Vários guerreiros partem e nenhum consegue encontrar o castelo encantado do Rei Pescador onde estaria o cálice. Este rei tem uma ferida incurável (como todos nós) que só será curada quando alguém encontrar o Graal e lhe fizer uma pergunta: “A que serve o Graal?”. Esta é a parte mais importante do mito, o símbolo que ainda estamos longe de vivenciar, que é entender que o mais importante na jornada de nossas vidas não é achar as respostas, mas sim fazer as perguntas. A verdadeira sabedoria, como dizia Sócrates, é saber que nada sabemos e que portanto devemos sempre estar em movimento, sempre à procura, sempre na busca, e a pergunta que confere significado vai mudando de fase para fase na vida, mas nunca se esgota. Assim, essa procura não é um caminhar a êsmo, mas uma circum-ambulação em torno do Espírito, em torno do Graal, do sagrado dentro de nós: o Self, segundo C.G.Jung, nosso centro ordenador da personalidade.

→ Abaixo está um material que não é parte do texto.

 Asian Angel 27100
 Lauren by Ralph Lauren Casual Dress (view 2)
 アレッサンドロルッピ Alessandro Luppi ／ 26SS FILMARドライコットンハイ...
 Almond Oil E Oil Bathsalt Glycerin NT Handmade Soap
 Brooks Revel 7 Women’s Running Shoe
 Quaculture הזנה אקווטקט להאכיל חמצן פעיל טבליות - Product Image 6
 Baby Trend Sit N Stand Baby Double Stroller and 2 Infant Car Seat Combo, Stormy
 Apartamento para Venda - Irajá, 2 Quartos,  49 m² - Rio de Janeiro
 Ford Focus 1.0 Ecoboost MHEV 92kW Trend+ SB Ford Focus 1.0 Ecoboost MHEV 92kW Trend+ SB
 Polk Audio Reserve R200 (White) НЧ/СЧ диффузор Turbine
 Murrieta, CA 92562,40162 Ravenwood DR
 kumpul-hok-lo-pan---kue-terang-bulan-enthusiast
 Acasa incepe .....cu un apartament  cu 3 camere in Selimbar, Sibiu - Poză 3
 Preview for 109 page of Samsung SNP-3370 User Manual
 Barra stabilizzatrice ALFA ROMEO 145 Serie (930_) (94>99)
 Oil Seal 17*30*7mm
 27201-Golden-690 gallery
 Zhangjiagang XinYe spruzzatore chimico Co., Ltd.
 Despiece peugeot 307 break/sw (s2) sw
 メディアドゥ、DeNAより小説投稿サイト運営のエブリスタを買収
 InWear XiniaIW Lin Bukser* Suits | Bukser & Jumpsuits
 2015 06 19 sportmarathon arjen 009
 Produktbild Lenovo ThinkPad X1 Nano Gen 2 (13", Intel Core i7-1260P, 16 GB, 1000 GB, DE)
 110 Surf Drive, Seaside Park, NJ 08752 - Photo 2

Essa transição do Caldeirão, para a Távola Redonda, para o Graal é uma espiral que não elimina as fases anteriores. Devemos preservar o poder da Deusa e do princípio cristão para atingir a possibilidade de comunicação com o Espírito. Uma vez realizadas essas três etapas quem sabe possamos avançar para uma quarta fase onde o Graal se transforme no vaso transbordante de Aquário? Estamos entrando exatamente na era de Aquário, onde as riquezas acumuladas e vividas através do cálice do Graal poderão ser compartilhadas com todos. A cornucópia da abundância, a eterna fonte alquímica da sabedoria, a união das polaridades cindidas: corpo-espírito, ciência-religião, masculino-feminino, etc. Se aprendermos a servir a um princípio divino dentro de nós, não mais imposto de fora, distante da nossa condição humana, mas vivido como parte integrante da nossa natureza, o próximo passo será emaná-lo como um aroma ou, nos transformando no vaso de Aquário, permitir seu fluxo ininterrupto como um rio que se funde no mar.